Furthermore, it is important to institute proper cultural training to fully eradicate racial bias in the workforce. Goldmann cited “cultural humility” as an important factor for physicians in treating patients from different backgrounds and cultures: “There is a lack of appreciation for what it means to be humble when reaching a shared decision with a patient or a family about pharmacologic treatment for opioid use.” Cultural humility involves more than being “competent” in identifying other cultures; it involves a commitment to fixing “power imbalances” and “developing partnerships with people and groups who advocate for others,” as written by Amanda Waters and Lisa Asbill for the American Psychological Association. Regarding the Latinx community, this means that doctors and medical experts should take a step forward to make sure that this demographic is receiving adequate attention — and not falling victim to cultural, language, or prescription barriers — within the healthcare system.

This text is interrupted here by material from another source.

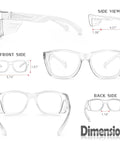 Dimensions of Anti Fog Safety Glasses With Side Shields And All Day Comfort For Work And Home ANSI Z87 1 Rated Eye Protection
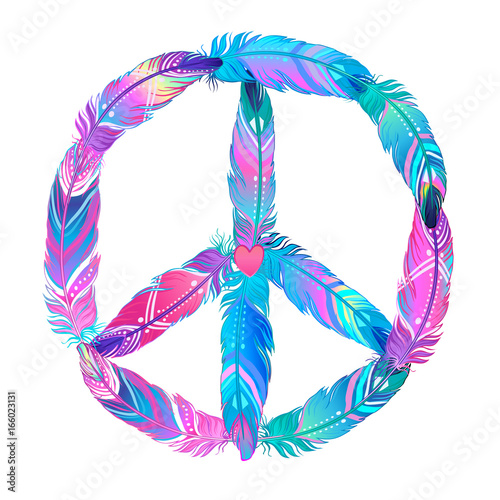 Peace sign made of colored bird feathers. Hippie symbol. Sixties Boho Style. Tribal Native American Indians Motifs. Vector illustration.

In addition, harm reduction in communities affected by opioid addiction can help reduce risks associated with drug use. Schneberk said combating such risks, which can include HIV transmission and Hepatitis C infection, is an important component of the harm reduction strategy, which may include needle exchange programs and making naloxone (a narcotic which helps reverse opioid overdoses) available to the public. Friedman offered a similar perspective, but mentions law enforcement as an obstacle in implementing needle exchange programs and other harm reduction strategies: “Giving people clean syringes is only going to work if police are not going to arrest them for it.” If communities are to support those with opioid addiction, it must be on all fronts: through healthcare, law enforcement, and policy.

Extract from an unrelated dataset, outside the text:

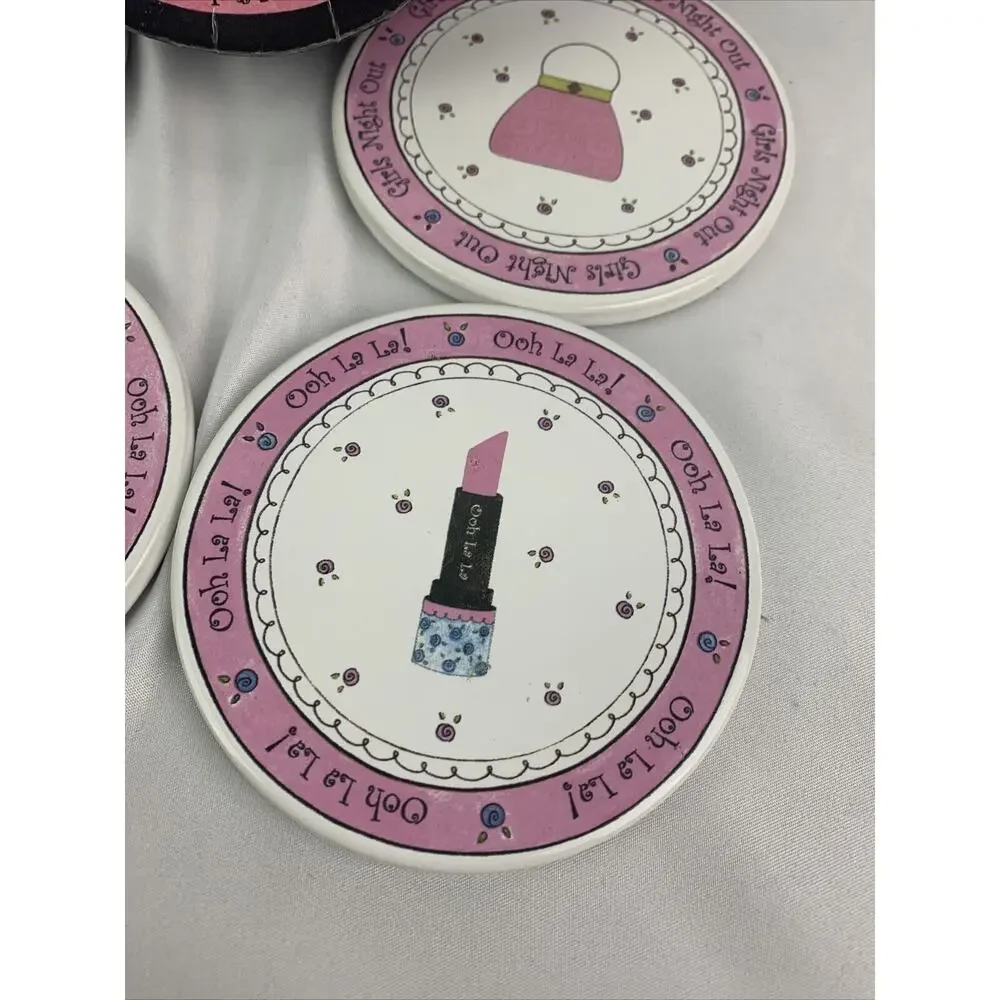 Set of 4 Girls Night Out Ceramic Coasters in Box Pink Black Foam Back 4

Given the statistics on imprisonment, it is imperative that law enforcement is trained to identify those who need medical intervention as opposed to jail time. Caraballo, care coordinator for Thriving Mind South Florida, works with Florida police departments to institute “Crisis Intervention Team” training, following an original Memphis model wherein police officers are trained to link those with substance use disorders and mental illness to appropriate services. As a result of CIT implementation in Miami-Dade County, there has been a marked decrease in jail bookings of individuals with “acute psychiatric crisis,” in addition to reduction of harm upon people with mental illness by police officers, as stated by the Eleventh Judicial Circuit of Florida. In short, these community-based, state-supported programs ultimately benefit those who are at high-risk for imprisonment as a result of mental illness, such as opioid addiction.

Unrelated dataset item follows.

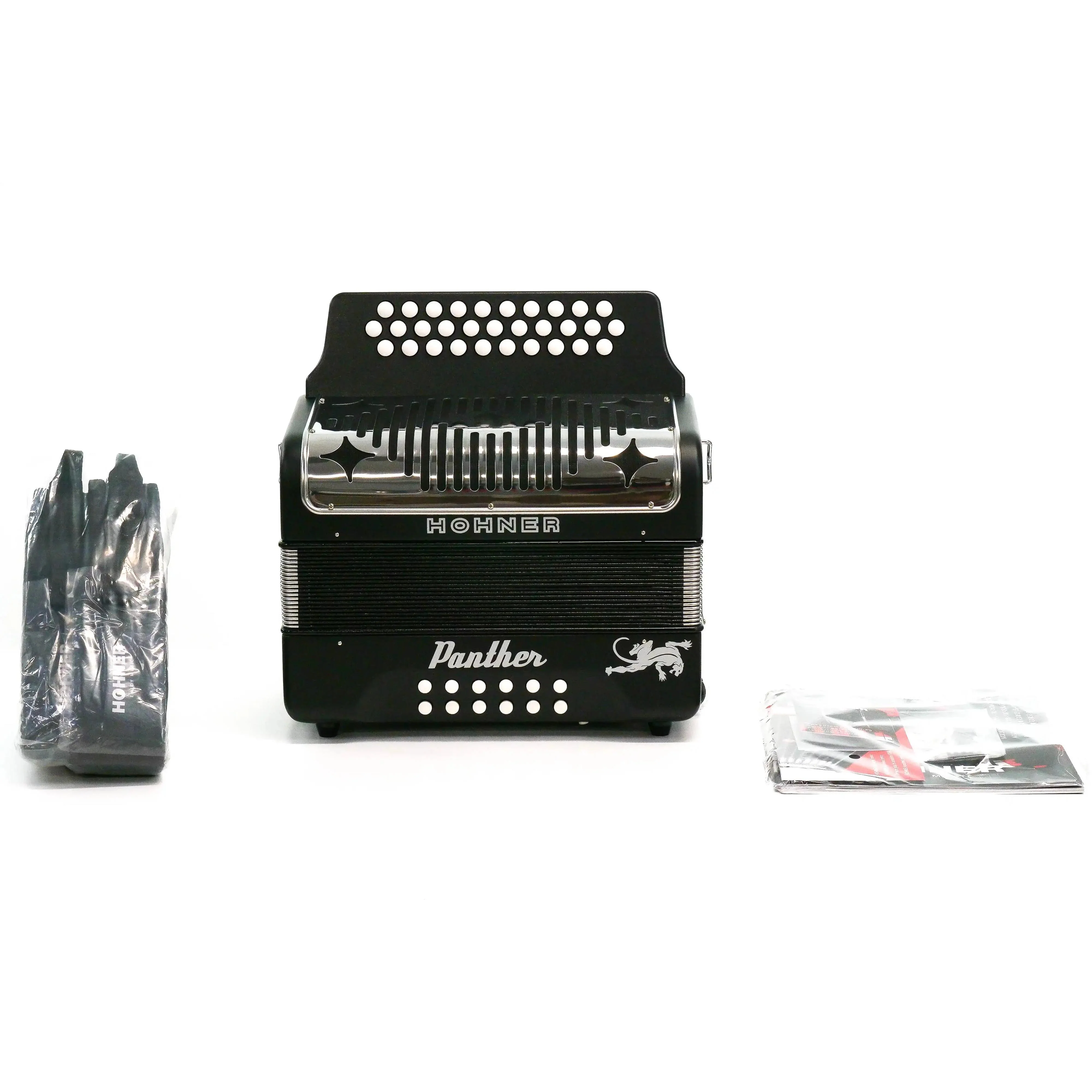 Hohner HA-3100 Panther F Bb Eb Diatonic Accordion - BLACK - Image 2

In a country where the opioid crisis plagues people across all races and ethnicities, it is time to stop pretending it is only a white problem. It is imperative that the same media attention, privilege, and treatment are afforded to all who are experiencing substance use disorders, regardless of their race or ethnicity. In order to ensure that this inequity within the healthcare system is eradicated, it is up to communities and all levels of government to organize and unite to support their most vulnerable.